Question

Dora calculated the mean absolute deviation for the data set 35, 16, 23, 42, and 19. Her work is shown below.

Step 1: Find the mean.


mean = Start Fraction 35 + 16 + 23 + 42 + 19 Over 5 End Fraction = 27


Step 2: Find each absolute deviation.


8, 11, 4, 15, 8


Step 3: Find the mean absolute deviation.


M A D = Start Fraction 8 + 11 + 4 + 15 Over 5 End Fraction = 9.5


What is Dora’s error?

Answer 1

D. Dora used only four numbers in finding the mean absolute deviation.

Explanation:

EDGE 2020

Answer 2

The calculation in step 3 is wrong

Explanation:

1) The mean of a dataset is given by the sum of the values of the dataset divided by the number of values.
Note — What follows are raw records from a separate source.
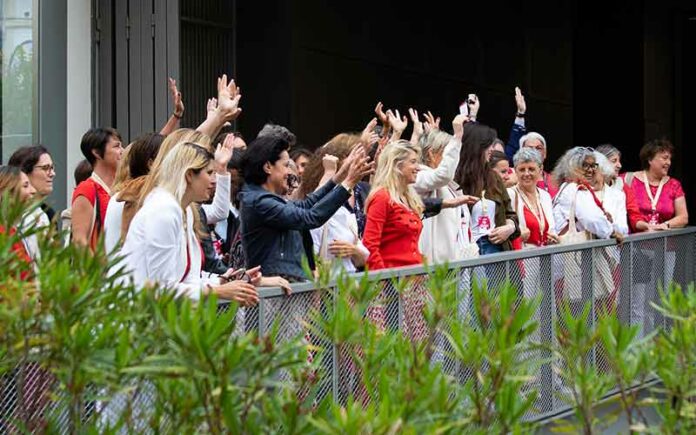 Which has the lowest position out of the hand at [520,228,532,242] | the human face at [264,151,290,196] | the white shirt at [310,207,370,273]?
the hand at [520,228,532,242]

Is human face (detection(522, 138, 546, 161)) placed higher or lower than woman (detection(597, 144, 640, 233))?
higher

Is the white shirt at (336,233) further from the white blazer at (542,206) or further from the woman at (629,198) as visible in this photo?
the woman at (629,198)

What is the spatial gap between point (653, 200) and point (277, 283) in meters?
6.89

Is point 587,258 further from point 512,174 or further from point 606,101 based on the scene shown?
point 606,101

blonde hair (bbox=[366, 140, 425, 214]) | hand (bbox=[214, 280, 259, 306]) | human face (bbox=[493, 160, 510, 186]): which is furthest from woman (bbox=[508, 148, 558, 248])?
hand (bbox=[214, 280, 259, 306])

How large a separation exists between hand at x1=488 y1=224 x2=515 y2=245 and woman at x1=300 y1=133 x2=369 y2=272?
1409mm

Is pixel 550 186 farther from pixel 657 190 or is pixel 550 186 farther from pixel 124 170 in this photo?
pixel 124 170

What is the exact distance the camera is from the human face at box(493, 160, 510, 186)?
1123 centimetres

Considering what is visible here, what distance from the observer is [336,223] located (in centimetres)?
870

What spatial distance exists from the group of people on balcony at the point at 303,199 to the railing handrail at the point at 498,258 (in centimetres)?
11

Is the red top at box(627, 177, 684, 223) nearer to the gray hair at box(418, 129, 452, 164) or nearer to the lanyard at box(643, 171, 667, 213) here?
the lanyard at box(643, 171, 667, 213)

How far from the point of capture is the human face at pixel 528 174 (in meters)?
10.9

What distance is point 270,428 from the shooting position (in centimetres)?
297

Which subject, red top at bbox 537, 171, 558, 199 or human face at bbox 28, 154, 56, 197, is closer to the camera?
human face at bbox 28, 154, 56, 197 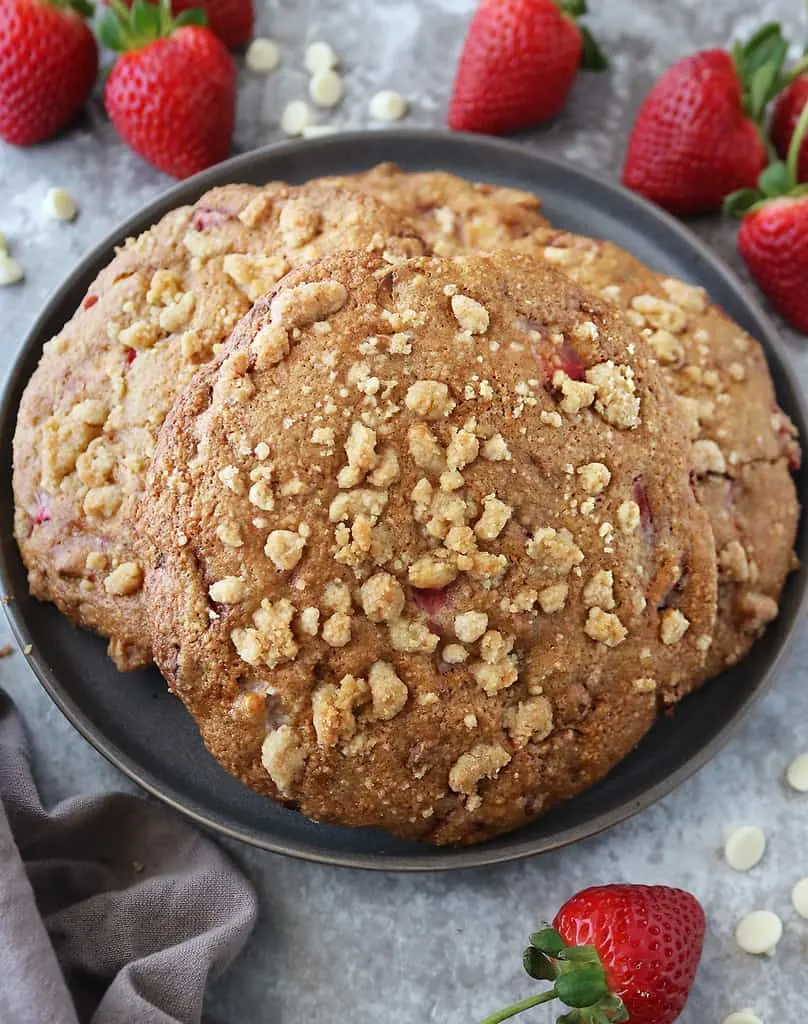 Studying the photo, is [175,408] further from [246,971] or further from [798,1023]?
[798,1023]

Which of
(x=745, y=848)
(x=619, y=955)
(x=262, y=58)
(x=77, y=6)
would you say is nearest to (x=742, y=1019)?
(x=745, y=848)

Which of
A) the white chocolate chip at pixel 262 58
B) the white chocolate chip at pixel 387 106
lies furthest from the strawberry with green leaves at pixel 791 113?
the white chocolate chip at pixel 262 58

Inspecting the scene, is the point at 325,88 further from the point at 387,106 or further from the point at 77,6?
the point at 77,6

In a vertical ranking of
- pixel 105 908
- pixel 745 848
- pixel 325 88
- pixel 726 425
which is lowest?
pixel 745 848

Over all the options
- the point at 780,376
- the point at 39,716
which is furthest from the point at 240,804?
the point at 780,376

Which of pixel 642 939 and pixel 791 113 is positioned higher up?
pixel 791 113

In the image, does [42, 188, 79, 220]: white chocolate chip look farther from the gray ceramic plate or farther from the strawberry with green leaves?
the strawberry with green leaves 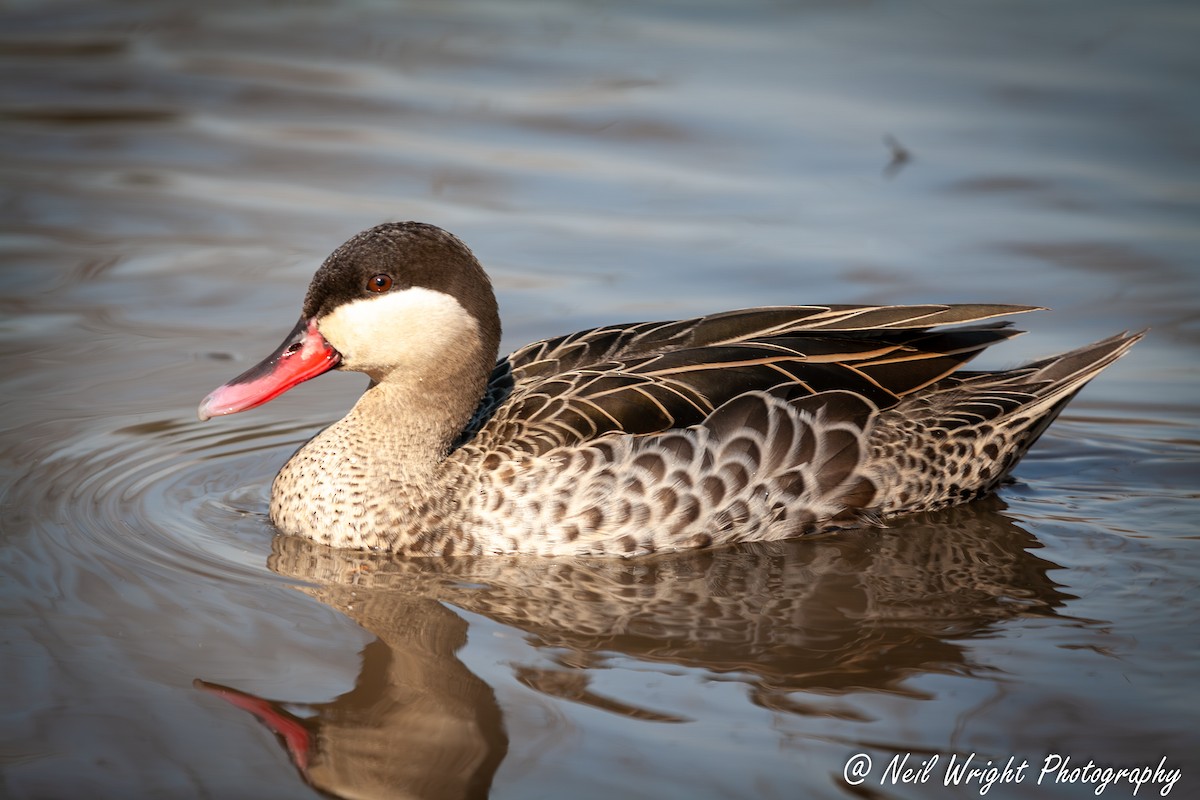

In this problem, the dataset is

35, 16, 23, 42, 19

And the number of data is

N = 5

So the mean is

`\bar x=(35+16+23+42+19)/(5)=27`

So, step 1 is correct.

2)

The absolute deviation of a value in the dataset is the absolute value of its difference from the mean value:

`\sigma_i = |x_i-\bar x|`

Since here the mean value is

`\bar x=27`

Then for each of the values in this dataset, we have:

`\sigma_(1)=|35-27|=8\\\sigma_(2)=|16-27|=11\\\sigma_(3)=|23-27|=4\\\sigma_(4)=|42-27|=15\\\sigma_(5)=|19-27|=8`

So calculations in step 2 are also correct.

3)

The mean absolute deviation is given by the sum of the absolute deviations for each data divided by the number of values in the dataset.

Therefore in this problem, it is:

`\bar \sigma = (\sum \sigma_i)/(N)=(8+11+4+15+8)/(5)=9.2`

While the result reported by Dora is 9.5: therefore, this step is not correct.